[rfc, v2] Fix frame_id_inner comparison false positives
Ulrich Weigand
uweigand@de.ibm.com
Thu Aug 21 19:43:00 GMT 2008
Daniel Jacobowitz wrote:
> I had a concern about this patch, which I couldn't explain well in
> person - let me see if I can do better with examples.
Thanks for looking at this, and sorry for the long delay in my
getting back to this patch ...
> > - dummy_frame_push checks for stale dummy frame IDs. As suggested
> > in a comment by Andrew, this can simply do a frame_find_by_id check.
>
> frame_find_by_id is a loop calling get_prev_frame until we run out of
> stack. By default there is no limit on the number of frames GDB will
> unwind. So if the stack is very deep, or if the unwinder is confused
> and the resulting stack is essentially infinite (a common failure
> mode), frame_find_by_id may take a very long time. frame_find_by_id
> is constant time (though, as you've noted, sometimes wrong).
I think the frame_id_inner check in dummy_frame_push is simply wrong
anyway. On the one hand, there are false positives on targets where
the range of valid stack addresses is non-contiguous (e.g. with
sigaltstack, or in a multi-arch setup). On the other hand, even so
there are common situations where there are false negatives: if you
simply call multiple inferior functions one after the other from the
same stack frame, their dummy IDs will all have the same stack address,
and therefore the frame_id_inner check will not recognize the old
dummy frames may be cleaned up.
Overall, I guess I still agree with Andrew's comment that at this point,
we just should do a check whether the frame ID is still valid.
On the other hand, you're probably right that we need to take care to
avoid unnecessary looping/backtracing -- but that should be fixed *in*
frame_find_by_id.
> On the other hand, if the user has set a backtrace depth limit, then
> frame_find_by_id may fail if a function with a deep stack is called.
> We'll discard the dummy frame when it's still valid and get an extra
> sigtrap. This behavior should be straightforward to write a test case
> for: set the backtrace limit to ten, call a function which recurses
> twenty times and then hits a breakpoint, call another function, raise
> the backtrace limit and see if we've lost the outer dummy frame.
This seems simply a bug of frame_find_by_id. This function should be
using get_prev_frame_1 instead of get_prev_frame.
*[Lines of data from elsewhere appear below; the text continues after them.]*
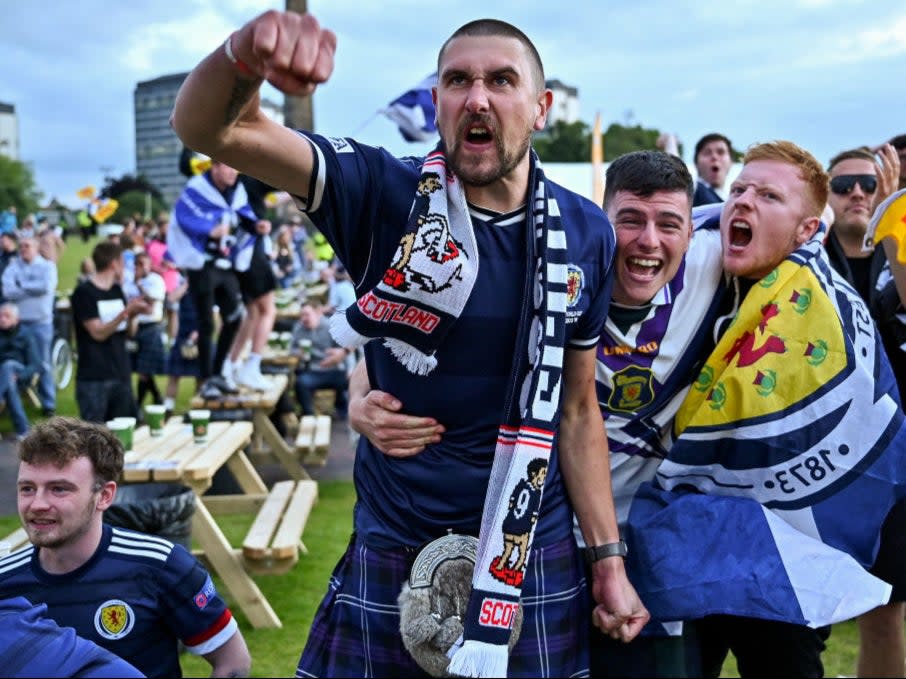 Fans in Glasgow react during England vs Scotland (Getty Images)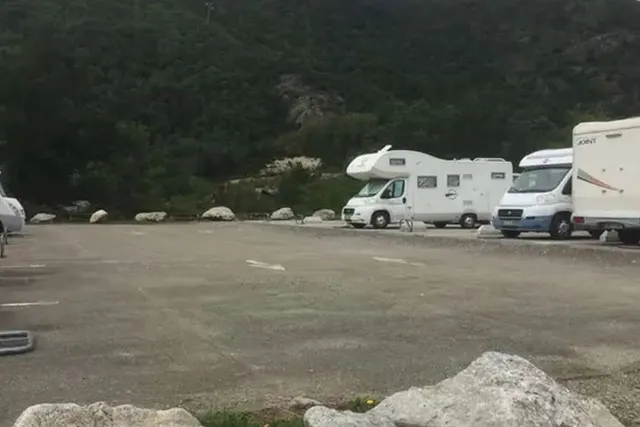 Aire Camping-cars Parc d'Espagne - Ax-les-Thermes
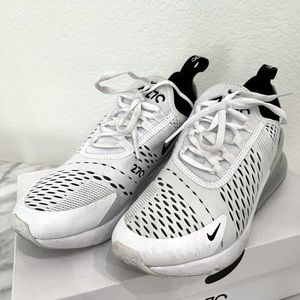 Women’s Nike Air Max 270 in Size 6.5 White and Black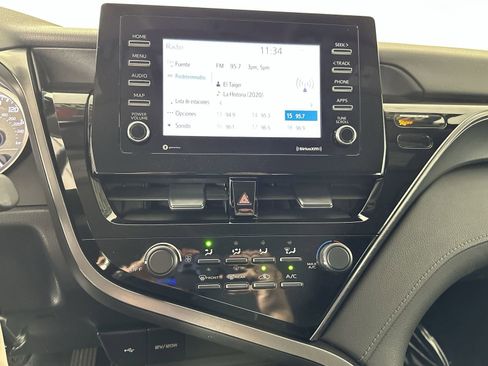 Used 2021 Toyota Camry LE image 21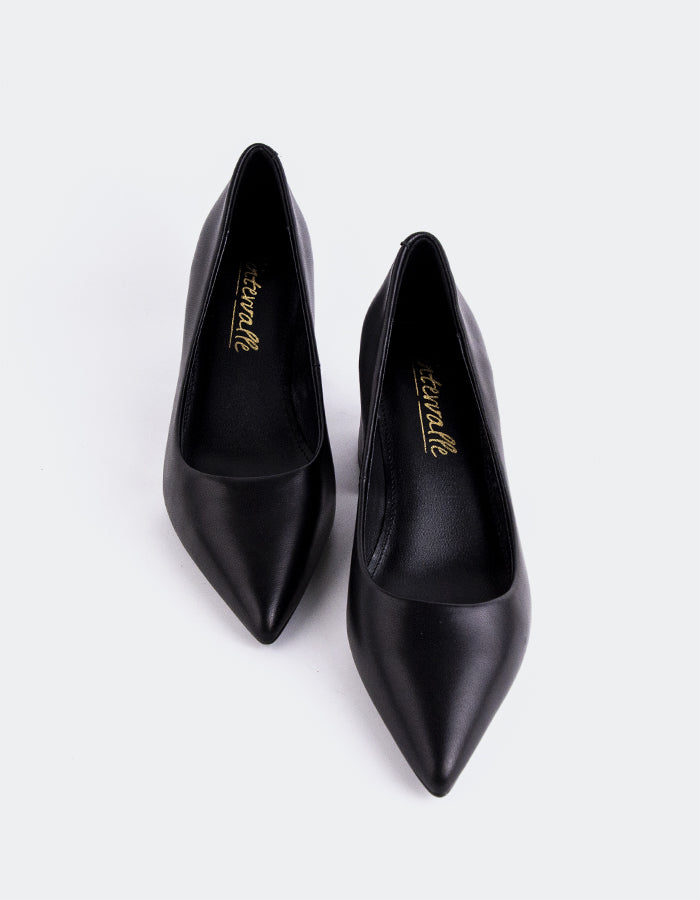 L'INTERVALLE Josephine Chaussures pour femmes à talon moyen Escarpins Noir  Cuir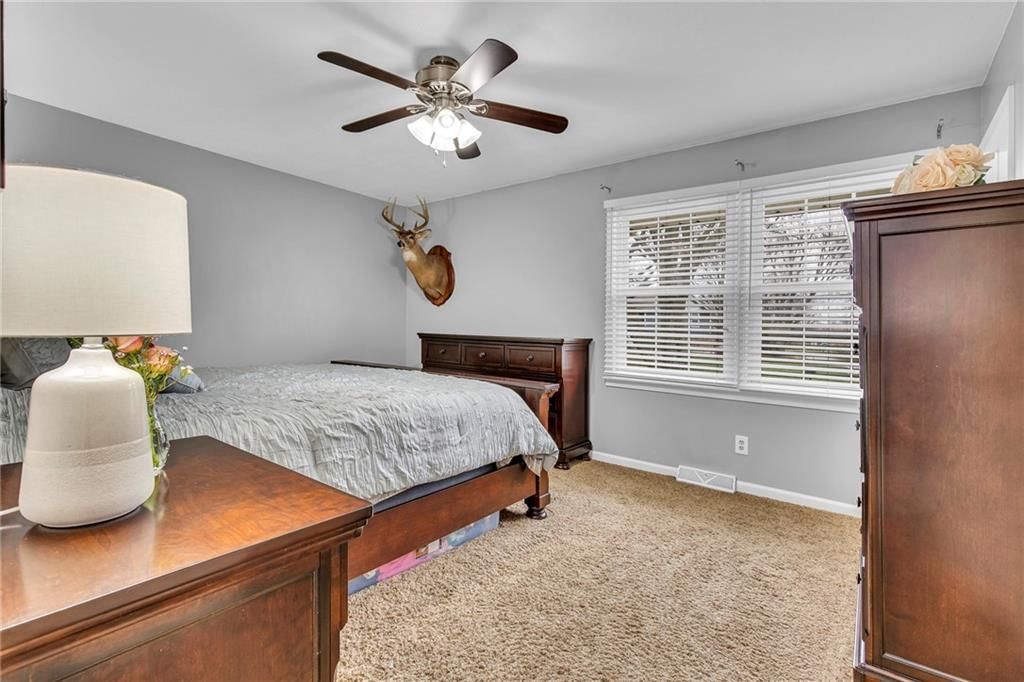 1304 Robin Circle — photo 21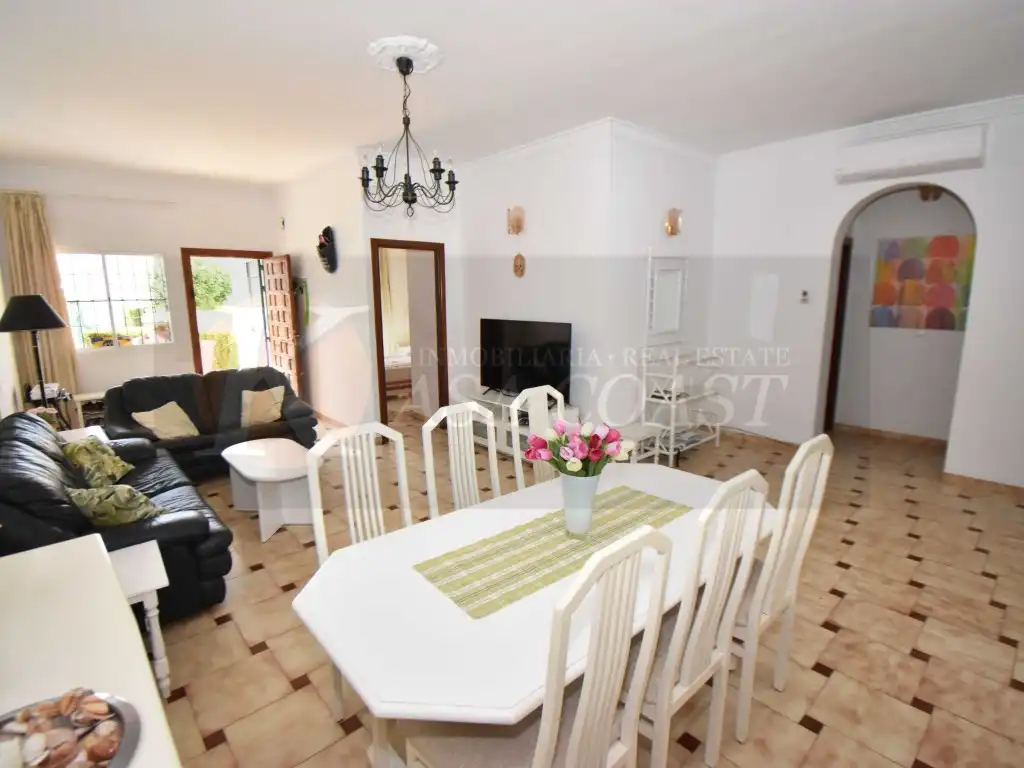 Sala d'estar de Pis en venda en Fuengirola amb Aire condicionat, Jardí privat i Piscina comunitària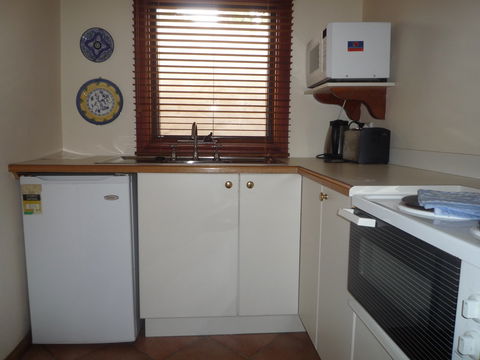 Apartments On-The-Park: Studio 35 - YWait Travel 2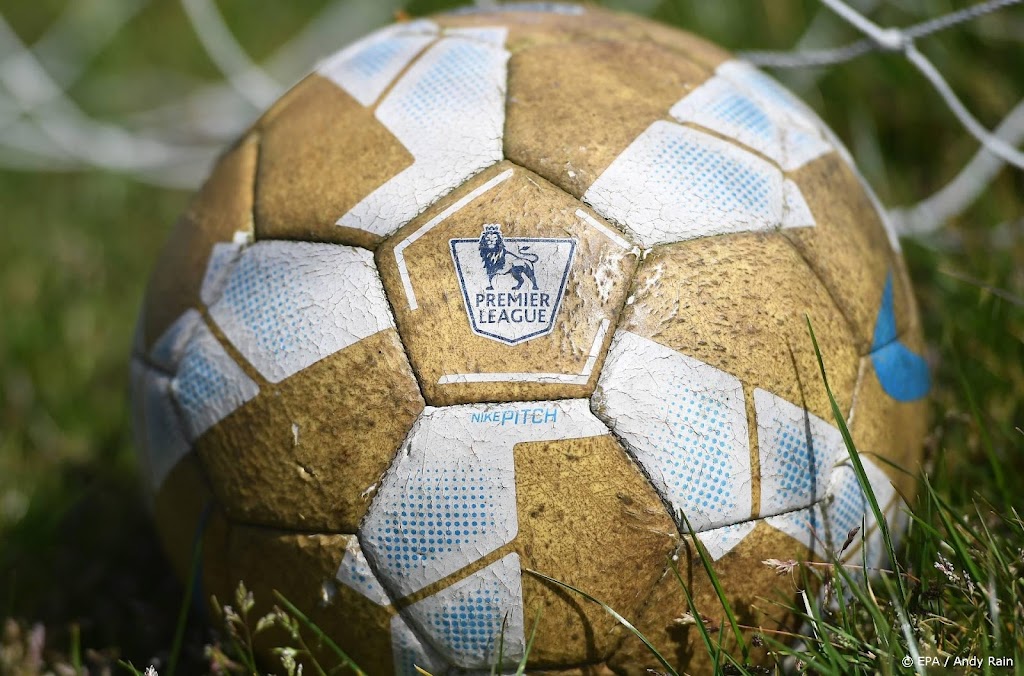 Rouwbanden en minuut applaus voor Pelé in Premier League
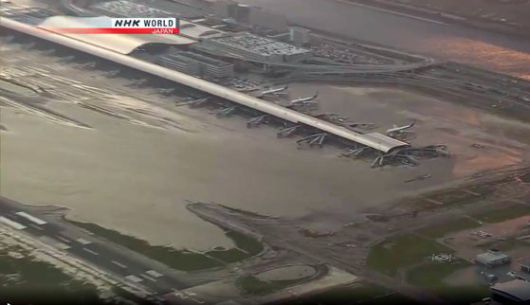 2년 전인 2018년 태풍 제비의 영향으로 침수된 일본 오사카 간사이 공항 모습. [NHK 화면 캡쳐]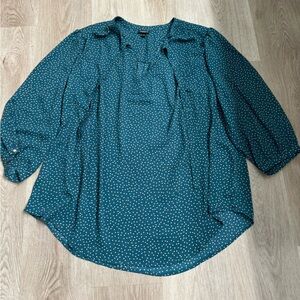 Torrid Green and White Puff Sleeve Blouse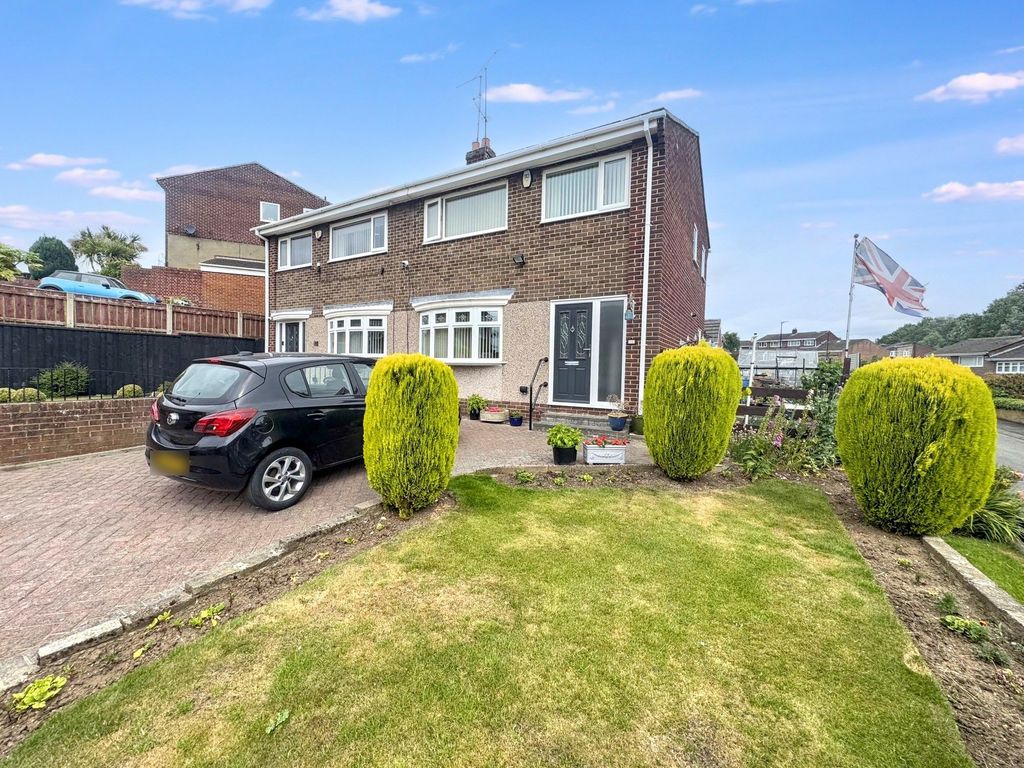 Property photo 1 of 25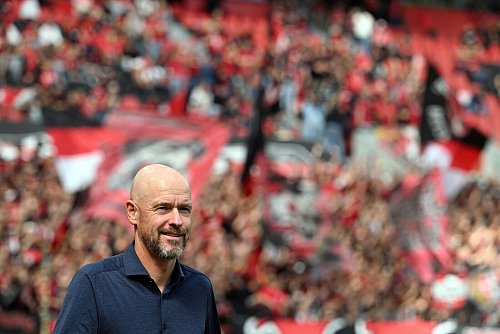 Erik ten Hag gab sein Bundesliga-Debüt. - © Federico Gambarini/dpa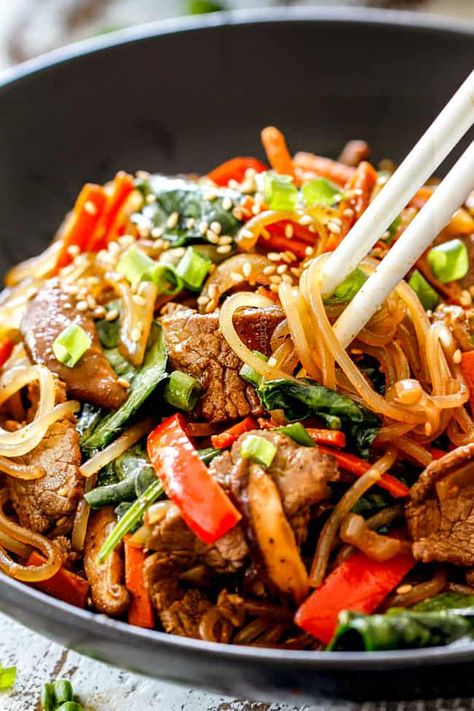 Korean Spicy Noodles, Spicy Noodles Recipe, Veggies And Noodles, Korean Stir Fry, Korean Sweet Potato, Steak And Rice, Beef Stir Fry Recipes, Korean Noodles, Potato Noodles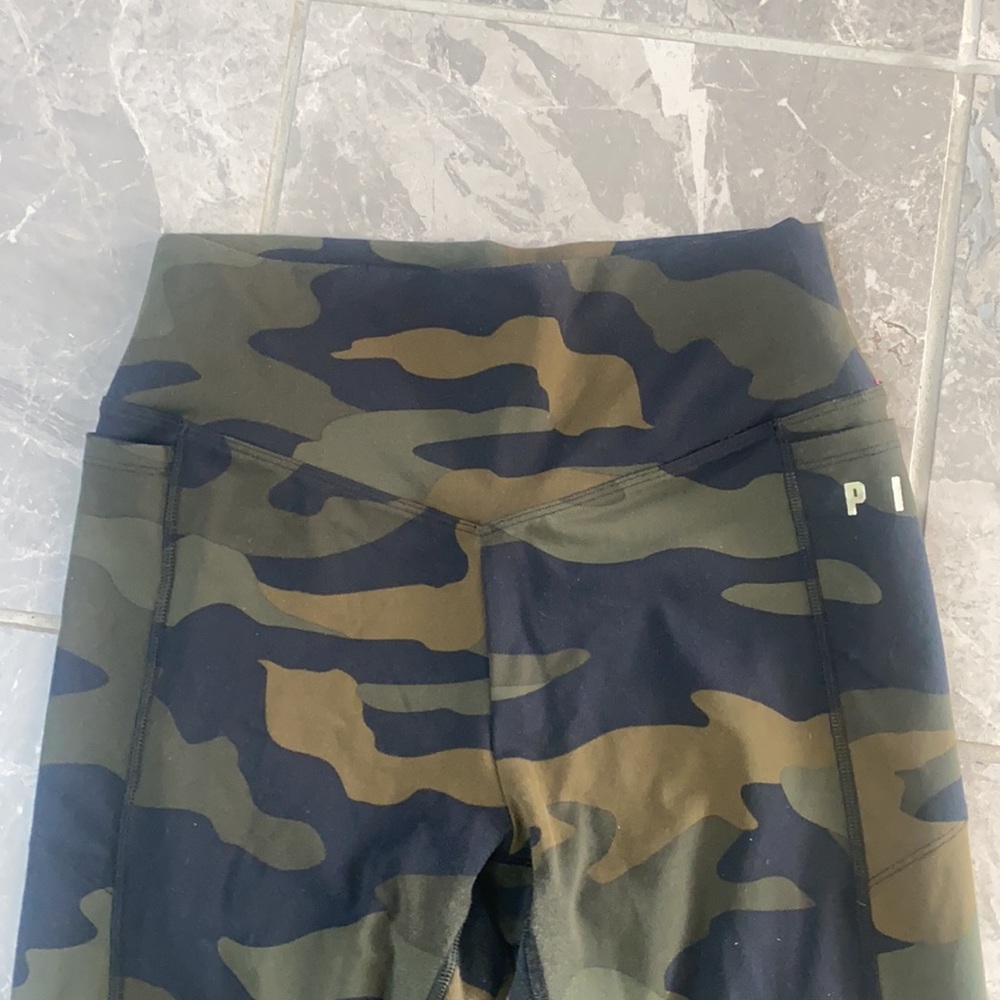 PINK ultimate camo legging - Picture 2 of 8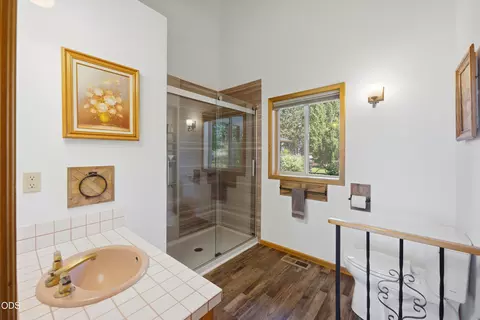 Bath - 16760 Doe Pl, La Pine, OR 97739 photo 2 of 6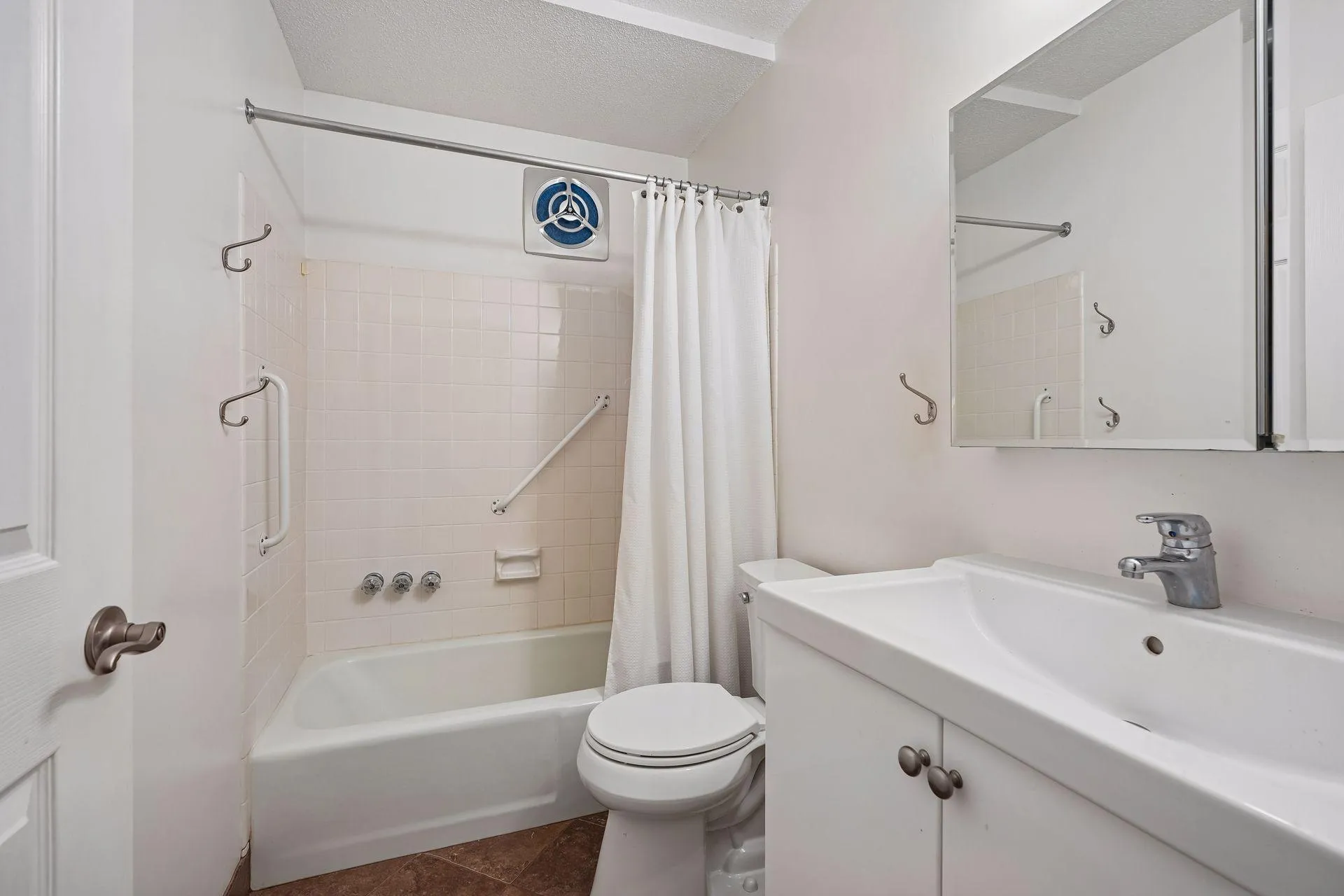 Photo 18 of 6730 Vernon S Avenue Unit 312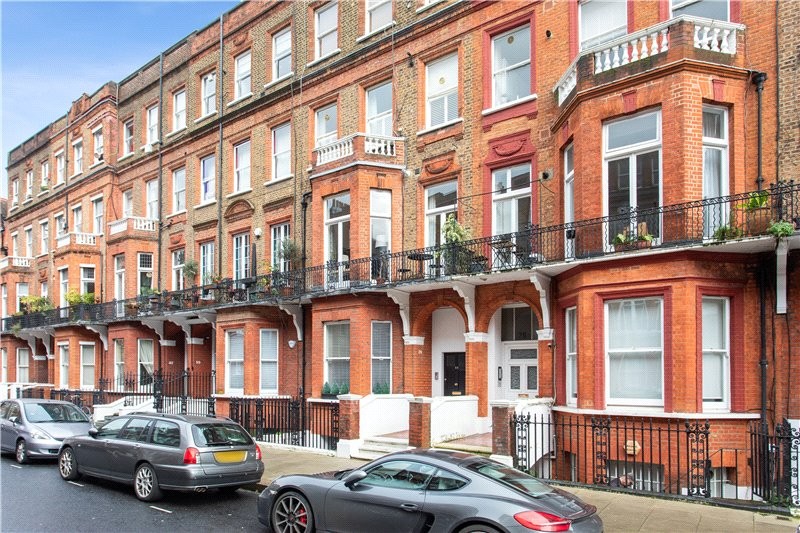 Rosary Gardens, South Kensington, London, SW7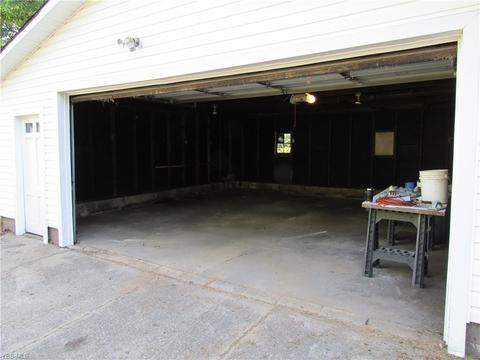 1207 Danforth Rd, Akron, OH 44312 photo 5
There is no reason
why re-identifying a frame you had already selected previously should
suddenly fail just because some user-interface setting was changed ...
> This is a limit on the number of cycles frame_find_by_id will travel
> if we're in a new location or if we have a confused unwinder.
> Suppose we record a varobj at frame sp==0x1000 (stack grows down).
> We continue. Next time we hit a breakpoint sp==0xfc0. The frontend
> requests a varobj update. We unwind, find the next frame is
> sp==0x1200. The old frame is gone; we stop. Good thing, since if
> we'd kept backtracing we'd find the stack went all the way up to
> 0xff00... it'd take seconds or minutes to get up there.
Agreed, we should keep some sanity check here. See below ...
> I think the part using frame_id_inner is another corrupt stack check,
> and the chances of it forming an exact cycle are slim to none. But
> it's clear that there's a problem with the multi-stack or multi-arch
> cases that you're fixing.
This part is actually OK, as long as cross-arch frames are treated just
like signal trampoline frames are today.
> Is there some other way we can avoid unnecessary backtracing? Maybe a
> predicate which determines whether two consecutive frames are
> reasonably on the same stack - in the presence of sigaltstack that
> could be quite fragile though.
Even in the presence of non-contiguous stack ranges, we can still
keep a significant set of safety-net changes because for NORMAL
frames changes in the stack address still follow predictable rules:
* If frame NEXT is the immediate inner frame to THIS, and NEXT
is a NORMAL frame, then the stack address of NEXT must be
inner-than-or-equal to the stack address of THIS.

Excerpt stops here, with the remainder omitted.